Great Jones Street (novel)
From Wikipedia, the free encyclopedia
Great Jones Street | |
Author | Don DeLillo |
---|---|
Country | United States |
Language | English |
Genre(s) | Novel |
Publisher | Houghton Mifflin |
Publication date | 1973 |
Media type | Print (Hardback & Paperback) |
Pages | 265 pp (Hardback first edition) |
ISBN | ISBN 0-395-15566-5 |
Published in 1973, Great Jones Street is Don DeLillo's third novel. It centers on rock star Bucky Wunderlick, who also narrates the novel. There is a good deal of surreal imagery. Running Dog, a parody of Rolling Stone introduced in Great Jones Street, would later play a central role in DeLillo's 1978 novel of the same name.
[edit] Plot and characters
Dissatisfied with the life that his fame, fortune, and revolutionary image has bought, Wunderlick retreats to an unfurnished apartment on Great Jones Street in Manhattan and tries to pare things down. His girlfriend arrives with a sample of a drug that wreaks havoc on the language centers of the brain. His possession of the drug, as well as his iconic status in the counterculture, attract the attention of a domestic terrorist organization known as the Happy Valley Farm Commune. A skinhead-like offshoot known as the Dog Boys also rampages through Wunderlick's apartment building.

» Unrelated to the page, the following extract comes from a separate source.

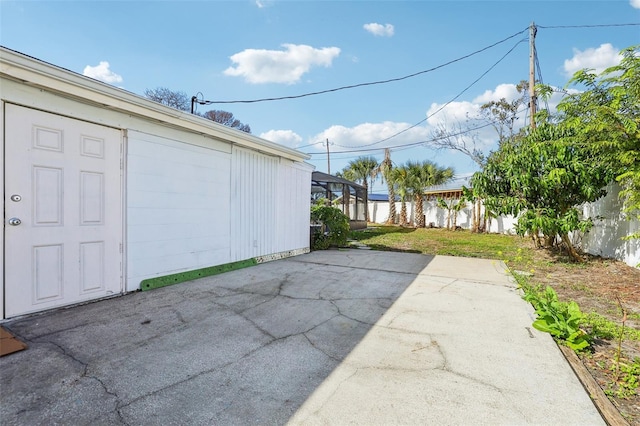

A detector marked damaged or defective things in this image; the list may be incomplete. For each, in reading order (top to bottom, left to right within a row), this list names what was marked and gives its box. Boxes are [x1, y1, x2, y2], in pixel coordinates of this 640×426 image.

cracked asphalt driveway [1, 251, 604, 424]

Bob Dylan is reputed to be one of the models for the character of Bucky Wunderlick. A key subplot involves the theft of Bucky's unreleased "Mountain Tapes." These are clearly inspired by Dylan's "Basement Tapes", which would not be released until the summer of 1975 and were still shrouded in mystery. Ambitious but neurotic guitarist Azarian reflects less-than-complimentary stories about The Band's Robbie Robertson. Wunderlick's general sense of withdrawal and contrariness fit the public image of Dylan.